We have just gone through our intern screening process for this summer.  Again, Dave at our office did a great job of weeding through all the people he has met and all the resumes he received to find a great bunch of candidates.  I’m very impressed by the people in college today.  They are bright and articulate.  They are learning so many wonderful concepts and participating in so many interesting projects.

We typically have one intern for the summer.  We have them go through a training program that gets them involved in all departments (sales, operations, shop and field) to give them a good sense of what we do.  We then have them tackle a small project for the last couple of weeks.  This gives them a good bullet point for their resume.

We had so many good candidates, we decided to hire 3 interns!  This will be an interesting summer for all of us.

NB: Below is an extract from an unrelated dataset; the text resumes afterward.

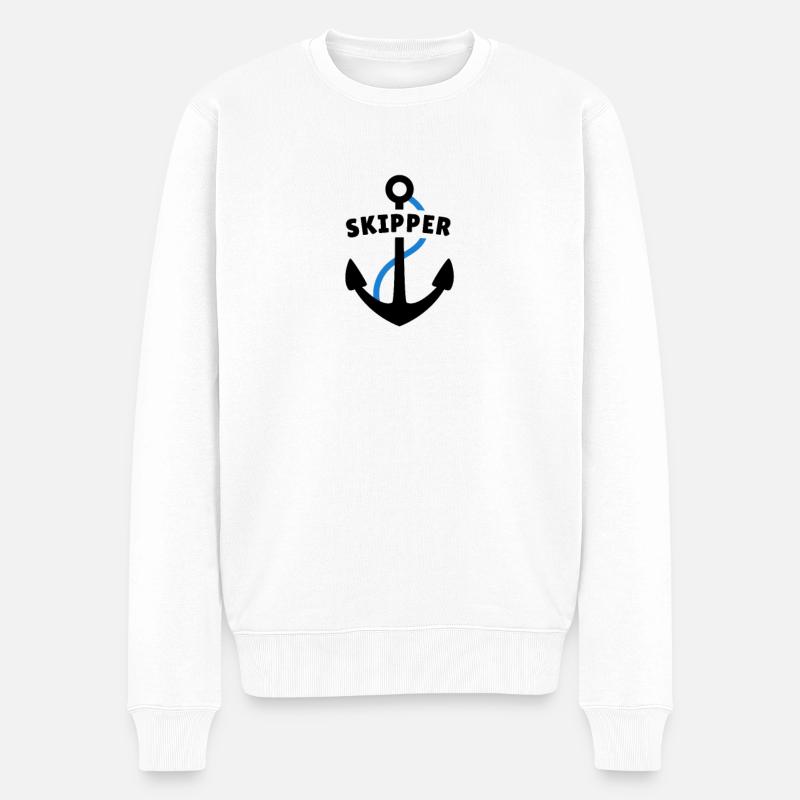 Skipper - Männer Premium Bio Pullover - Weiß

So, here is the question.  If you had a young bright person at your disposal, what would you have them do?  This is such a test of our creativity and our ability to delegate.  If you listen to a lot of interns talk about their experience, it can be very frustrating.  They are excited to come in and learn what you have to offer and then when they show up, they are relegated to some meaningless task that anyone could do.  So, what is on the plate for this year?  Here are some of the ideas I’ve come up with:

  1. Learn the software we use to program our CNC machines.  Do time studies on our current fabrication methods.  Research different tooling to see what impact that would have on the times.  We never seem to have the time to really experiment with this but our intern would!  Single flute, double flute, triple fluted mill bits?  Lets get the empirical evidence and put this one to bed once and for all!
  2. Now that you know the CNC software, build our door hardware fabrication library.  Program all the parts in the library, test the programs, and have the door department approve them.  We are in the process of switching from the Fidal in the door department to the Quadra in Shop A and it is hard to find the time to do this on top of all the other projects we are doing.
  3. We are experimenting with our first paperless process for fabrication tickets.  We have been paperless in the office for a while but we are still printing tickets for the shop floor.  Have the Intern work with the people fabricating the metal to make a system that works just the way they want it to.  Make hyperlinked PDF’s that make it easy to get from the cut lists to the tickets.  Create access that is simple and easy to get to.  Maybe we can even make instructions that automatically format in both English and Spanish for our Spanish speaking employees.  Who knows?  Study laptops vs computers vs iPads and find the best tool for the job out there.
  4. What about robotics?  Could we automate some of the material movement in our shop?  Could the carts be motorized and be programmed that they go where they need to go without anyone having to move them?  Could we program a robot arm to set glass or run assembly screws?  ‘

These are just a few of the ideas I’ve been toying with.  What ideas do you have?  I’d love to hear the kinds of things your interns are helping with.

 

The Advantages of a Large Company

The Advantages of a Large Company

Working in the glass and glazing industry, I’ve had the experience of working at both large and small companies.  When I worked at Cobbledick Kibbe, it was a large company with lots of small branches.  We had contract branches and retail branches along with a wholesale division.  Midwest Plate Glass and C/S Erectors were both smaller companies with that “family” feel.  One office, one shop, very personal.  Here at Walters & Wolf, we are actually 5 different companies.  We have the Glass Company, the Precast Company and the Interiors Company all based out of Fremont, CA.  We have Walters & Wolf Curtainwall in Washington and Walters & Wolf Construction Specialties in Arizona.  All of the companies are separate profit centers.  In addition, Walters & Wolf Glass has three branches, one in LA and one in Las Vegas.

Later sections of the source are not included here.